Any comments on last week's distillate number versus this week.

Up 3% from last week with supply remaining the same?

CL up $0.26

Michael



To: Dennis Roth who wrote (52335)10/26/2005 8:49:18 PM
From: Ed Ajootian  Respond to of 206195
 
Gasoline demand UP Year over year
by: bigenergybull 10/26/05 05:21 pm
Msg: 134838 of 134891

Well, don't expect it to get much press, but for the last three weeks, gasoline demand in the US has been
3 weeks ago 8.783
2 weeks ago 8.961
last week 8.981
Last week year ago 8.883
Yup, gasoline demand up 200,000 bbls a day in the last two weeks, and now about 100,000 bbls a day MORE GASOLINE DEMAND than last year.
Oh, and at the same time, distillate demand rose from 3.9 MBPD two weeks ago, to 4.29 MBPD last week.
Demand is coming back. But its not like we have any physical shortages...nobody's lining up for gas and deisel.
Oh, they are?

*************************************************************

Looks like we are finally starting to get back to more normalized gasoline demand #'s, now that more of the refineries are up.

I still say we need to see about 2-3 weeks more of data, but if each of such weeks shows higher year-on-year gasoline and distillate demand #'s the oil bulls will be back front & center.
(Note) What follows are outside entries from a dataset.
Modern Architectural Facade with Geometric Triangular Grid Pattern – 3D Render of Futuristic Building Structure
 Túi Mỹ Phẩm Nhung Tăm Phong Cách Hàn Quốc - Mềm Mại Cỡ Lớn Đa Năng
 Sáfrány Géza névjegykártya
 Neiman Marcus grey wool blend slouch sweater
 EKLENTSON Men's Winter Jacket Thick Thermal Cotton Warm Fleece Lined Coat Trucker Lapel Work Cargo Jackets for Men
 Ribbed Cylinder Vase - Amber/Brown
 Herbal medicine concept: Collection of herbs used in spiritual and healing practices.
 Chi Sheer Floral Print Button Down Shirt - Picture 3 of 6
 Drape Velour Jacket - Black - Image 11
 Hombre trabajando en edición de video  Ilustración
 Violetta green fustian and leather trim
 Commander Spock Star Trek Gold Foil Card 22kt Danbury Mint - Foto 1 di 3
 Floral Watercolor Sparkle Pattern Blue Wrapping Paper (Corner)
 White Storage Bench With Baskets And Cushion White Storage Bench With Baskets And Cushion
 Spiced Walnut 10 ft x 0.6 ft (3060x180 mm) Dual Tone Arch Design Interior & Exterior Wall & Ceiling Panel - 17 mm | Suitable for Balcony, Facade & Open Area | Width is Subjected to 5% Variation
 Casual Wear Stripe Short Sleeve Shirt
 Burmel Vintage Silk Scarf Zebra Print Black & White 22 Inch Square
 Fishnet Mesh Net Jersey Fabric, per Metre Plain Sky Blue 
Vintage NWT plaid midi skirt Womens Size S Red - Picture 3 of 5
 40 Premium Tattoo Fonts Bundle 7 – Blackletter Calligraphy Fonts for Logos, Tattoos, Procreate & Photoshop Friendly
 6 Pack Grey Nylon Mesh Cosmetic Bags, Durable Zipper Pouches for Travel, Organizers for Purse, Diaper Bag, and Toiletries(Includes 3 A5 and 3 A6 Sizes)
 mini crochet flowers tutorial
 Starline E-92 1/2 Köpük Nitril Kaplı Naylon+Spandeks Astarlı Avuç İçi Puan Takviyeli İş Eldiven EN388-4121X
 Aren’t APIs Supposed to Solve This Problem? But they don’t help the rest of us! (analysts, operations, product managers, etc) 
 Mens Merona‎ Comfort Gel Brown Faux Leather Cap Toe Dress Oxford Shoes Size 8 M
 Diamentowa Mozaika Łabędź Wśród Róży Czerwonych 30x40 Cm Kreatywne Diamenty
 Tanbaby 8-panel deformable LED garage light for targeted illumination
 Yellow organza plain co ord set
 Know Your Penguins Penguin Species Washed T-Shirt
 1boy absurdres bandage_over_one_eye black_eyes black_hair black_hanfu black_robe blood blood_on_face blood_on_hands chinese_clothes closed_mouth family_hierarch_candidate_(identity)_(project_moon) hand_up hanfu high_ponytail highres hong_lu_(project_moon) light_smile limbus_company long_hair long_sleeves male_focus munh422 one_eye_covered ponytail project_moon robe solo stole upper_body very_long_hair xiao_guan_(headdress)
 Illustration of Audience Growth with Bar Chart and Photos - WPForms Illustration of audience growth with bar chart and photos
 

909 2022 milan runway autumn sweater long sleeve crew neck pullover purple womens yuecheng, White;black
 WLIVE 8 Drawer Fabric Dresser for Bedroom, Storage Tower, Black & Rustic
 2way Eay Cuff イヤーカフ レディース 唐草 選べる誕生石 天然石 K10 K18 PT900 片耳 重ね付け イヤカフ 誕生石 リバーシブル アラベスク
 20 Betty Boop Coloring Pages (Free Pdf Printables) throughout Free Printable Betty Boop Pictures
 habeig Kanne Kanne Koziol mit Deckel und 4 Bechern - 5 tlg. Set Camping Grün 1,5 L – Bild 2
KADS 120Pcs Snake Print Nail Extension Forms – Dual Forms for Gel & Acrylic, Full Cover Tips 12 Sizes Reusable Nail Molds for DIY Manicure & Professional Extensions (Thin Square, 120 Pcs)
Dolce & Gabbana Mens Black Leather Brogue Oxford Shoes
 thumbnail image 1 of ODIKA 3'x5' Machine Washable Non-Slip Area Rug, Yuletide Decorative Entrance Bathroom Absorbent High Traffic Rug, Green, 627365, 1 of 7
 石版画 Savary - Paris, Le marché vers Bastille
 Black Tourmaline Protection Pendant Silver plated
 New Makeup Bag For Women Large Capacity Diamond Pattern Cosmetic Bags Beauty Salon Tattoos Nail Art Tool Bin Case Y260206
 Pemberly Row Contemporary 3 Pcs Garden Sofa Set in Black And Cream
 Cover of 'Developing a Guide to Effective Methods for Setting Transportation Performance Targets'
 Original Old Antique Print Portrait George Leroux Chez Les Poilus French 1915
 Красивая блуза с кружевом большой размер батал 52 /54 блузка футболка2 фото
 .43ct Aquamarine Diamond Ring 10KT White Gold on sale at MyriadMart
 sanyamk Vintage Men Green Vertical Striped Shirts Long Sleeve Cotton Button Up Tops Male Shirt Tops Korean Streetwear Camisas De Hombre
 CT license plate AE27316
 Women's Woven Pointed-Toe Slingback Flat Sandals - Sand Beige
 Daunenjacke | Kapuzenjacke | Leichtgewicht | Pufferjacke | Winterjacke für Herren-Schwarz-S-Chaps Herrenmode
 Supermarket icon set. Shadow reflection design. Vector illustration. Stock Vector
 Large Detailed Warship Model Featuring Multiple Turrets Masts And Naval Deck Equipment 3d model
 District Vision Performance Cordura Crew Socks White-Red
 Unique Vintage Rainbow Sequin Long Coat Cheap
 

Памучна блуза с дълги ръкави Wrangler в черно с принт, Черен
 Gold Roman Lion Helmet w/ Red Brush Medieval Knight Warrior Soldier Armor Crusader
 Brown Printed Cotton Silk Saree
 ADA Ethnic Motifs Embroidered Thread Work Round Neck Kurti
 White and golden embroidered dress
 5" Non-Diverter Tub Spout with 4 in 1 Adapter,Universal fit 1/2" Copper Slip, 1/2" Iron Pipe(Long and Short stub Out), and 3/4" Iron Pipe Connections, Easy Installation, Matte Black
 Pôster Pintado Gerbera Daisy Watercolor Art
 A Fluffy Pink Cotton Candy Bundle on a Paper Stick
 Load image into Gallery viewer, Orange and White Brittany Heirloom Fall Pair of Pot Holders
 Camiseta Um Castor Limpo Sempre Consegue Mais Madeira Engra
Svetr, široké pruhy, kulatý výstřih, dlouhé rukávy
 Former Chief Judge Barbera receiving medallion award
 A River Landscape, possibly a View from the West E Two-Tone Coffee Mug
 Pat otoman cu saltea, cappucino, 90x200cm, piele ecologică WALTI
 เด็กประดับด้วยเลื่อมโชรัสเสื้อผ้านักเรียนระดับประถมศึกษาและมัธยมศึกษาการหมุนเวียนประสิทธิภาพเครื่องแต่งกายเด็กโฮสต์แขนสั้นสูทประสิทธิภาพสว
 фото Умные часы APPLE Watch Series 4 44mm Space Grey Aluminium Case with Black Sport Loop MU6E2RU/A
To: Dennis Roth who wrote (52335)11/2/2005 10:44:14 AM
From: Dennis Roth  Read Replies (4) | Respond to of 206195
 
Table of Demand Destruction

Summary of Weekly Petroleum Data for the Week Ending October 28, 2005
eia.doe.gov

The following is from the last eight weekly petroleum data reports:


Average of last four weeks demand compared to same period last year

Week Ending Gasoline Distillate Jet Fuel

September 9 -1.1 percent +1.4 percent
September 16 -2.1 percent -0.7 percent
September 23 -2.8 percent -3.1 percent
September 30 -2.6 percent -3.8 percent -0.6 percent
October 7 -2.4 percent -4.0 percent -4.4 percent
October 14 -2.2 percent -4.0 percent -3.1 percent
October 21 -2.0 percent -1.4 percent -4.9 percent
October 28 -1.7 percent -1.5 percent -4.2 percent


Year over year comparisions were considered highly relevant when they made the bullish case, now that they don't, they are dismissed as irrelevent or weather distorted.